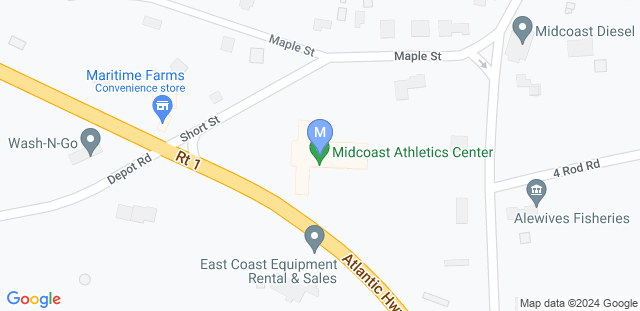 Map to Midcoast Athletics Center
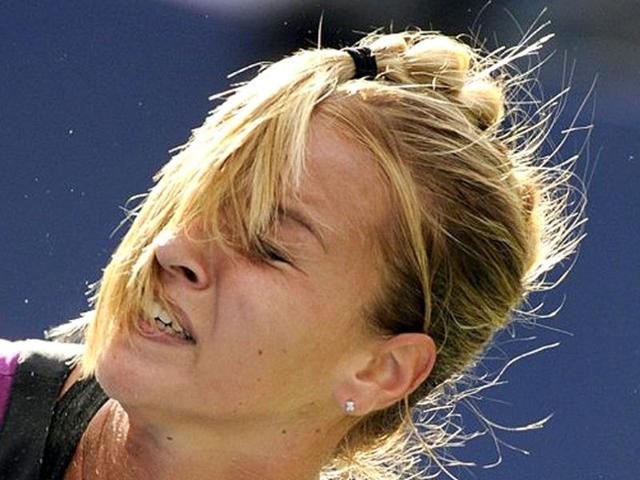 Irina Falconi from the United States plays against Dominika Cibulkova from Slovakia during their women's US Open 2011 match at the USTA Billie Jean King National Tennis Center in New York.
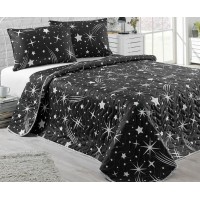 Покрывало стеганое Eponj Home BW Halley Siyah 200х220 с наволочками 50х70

- [What you will do]
Retype only the lines from the line with "Irina Falconi from" through the last line of the data. Keep both ends and skip the pictures.

- [Output of the task]
 Irina Falconi from the United States plays against Dominika Cibulkova from Slovakia during their women's US Open 2011 match at the USTA Billie Jean King National Tennis Center in New York.
 Покрывало стеганое Eponj Home BW Halley Siyah 200х220 с наволочками 50х70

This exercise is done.